Jewish World Review Feb. 9, 2011 5 Adar I, 5771
Ronald Reagan, Forever Young
By Roger Simon
Ronald Reagan had been born at a time when the Civil War was still America's defining moment — it was Civil War toy soldiers that young Dutch played with as a child — and if he won, he would be 70 within months of taking office.
Only William Henry Harrison had been inaugurated at that age, and Harrison had died of pneumonia six weeks later. There was only one thing Reagan could do about it: Be so young in spirit that nobody would care about his flesh.
He is standing in a shopping mall in central Illinois, one with walkways of fake brick and with cast-iron lampposts that convey a Main Street, good-old-days air. Reagan is concluding his speech. "I just hope," he says, pointing down to a row of crouching kids in front of him, "that these children will know the freedom we once knew."
The applause is warm. Let Jimmy Carter moan about conservation and dialing down and going without. Not Ronald Reagan. He is for letting the good times roll. "Carter says we've got to get used to austerity and sharing and scarcity and giving up luxury," Reagan says to the crowd. "Well, I don't believe that! I think we should cover our children's ears when they hear that kind of talk!"
Which was the essential Reagan. For him, the glass was always half full, never half empty. His optimism was simply uncrushable. His mother had got him into acting, and it was a world he had never left. The America he loved was the America of Hollywood, where our motives were always true, our hearts always pure and our ultimate victory never in doubt.
And even when he left moviemaking, he never left the stage.
Reagan competed in 25 primaries in 1976 and came to the Republican National Convention — conventions were more than TV shows in those days — with 1,070 delegates to Gerald Ford's 1,187. After his defeat, Reagan quoted from what he remembered of a Dryden ballad he had memorized in his youth: "Lay me down and bleed a while. Though I am wounded, I am not slain. I shall rise and fight again."
The next year, 1977, he gave 75 speeches. He wrote a newspaper column and did a syndicated radio show. He did not need to rise again because he never really had lain down. He had just kept campaigning. And he gathered around him people who understood two things: selling and television. He figured it might make the difference next time.
Absolute reality did not always matter in the Reagan campaign. Reagan was selling the fantasy of America — a fantasy in which he believed totally. He was asking people to do what they did in a movie theater: to lose themselves in the story. He used to do it on celluloid, and now he was doing it on the stump.

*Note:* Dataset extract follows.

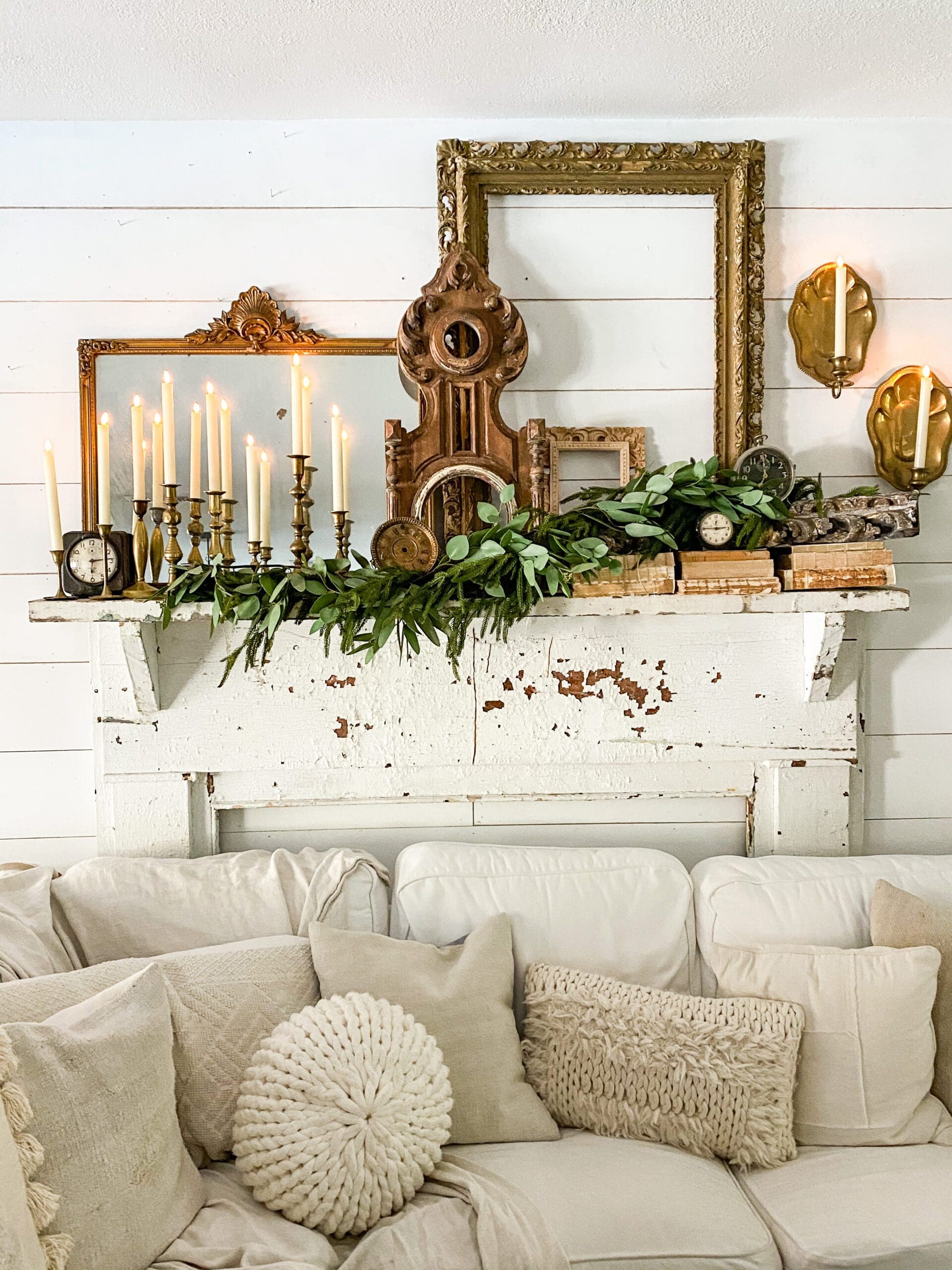 white mantel styled with brass candlesticks, faux greenery, and large wooden frames and mirrors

"For Ronald Reagan, the world of legend and myth is a real world," Patrick Buchanan, his former White House communications director, said in 1988. "He visits it regularly, and he's a happy man there."
Buchanan meant it as a compliment. The press would soon learn that much of what Reagan said could not be taken literally. In his 1980 campaign, he muffed statements on Vietnam, civil rights, Taiwan, creationism, the Ku Klux Klan and how trees cause "93 percent" of the air pollution in America.
"The only good news for us at this time," an aide told his biographer, Lou Cannon, "is that we were making so many blunders that reporters had to pick and choose which ones they would write about."
But Reagan knew how to charm. In 1976, he would climb onto the press bus, go to the last seat and have reporters rotate back one by one to ask him anything they wanted. And virtually each and every night, we would end the day at some small motel, but before we hit the hay — or the bar — Ronald Reagan would have a news conference. The press would sometimes groan, but not Reagan. He was unafraid of the give-and-take.
By 1980, however, Reagan was surrounded by handlers who could not keep up with the stories, often culled from Reader's Digest or half-remembered anecdotes passed along to him at parties, that tumbled from Reagan's lips, and so they insisted he keep farther away from the press. Instead, Nancy Reagan launched a charm offensive, coming to the back of the plane with chocolates and chat for the reporters.
Reagan never stopped acting and never saw anything wrong with that. Asked when he first ran for office in 1966 what kind of governor he would be, he replied, "I don't know; I've never played a governor."
On the eve of his election in 1980, a reporter asked Reagan what people saw in him. "Would you laugh if I told you that I think, maybe, they see themselves and that I'm one of them?" Reagan replied. "I've never been able to detach myself or think that I, somehow, am apart from them."
Yes, there are issues in campaigns. Sometimes important issues, foreign and domestic. But Americans rarely elect persons they do not like. Americans rarely elect persons who are detached and apart from them. Which is why every politician today, Republican and Democrat, wants to be in some way Reaganesque.
In 1992, when he wasn't president anymore, he gave a stirring speech to the Republican National Convention in Houston. "I hope you will let me talk about a country that is forever young," he said.
There are only two places where things never age: on the screen and in our memories. Now, 100 years since his birth, Ronald Reagan remains forever young in both.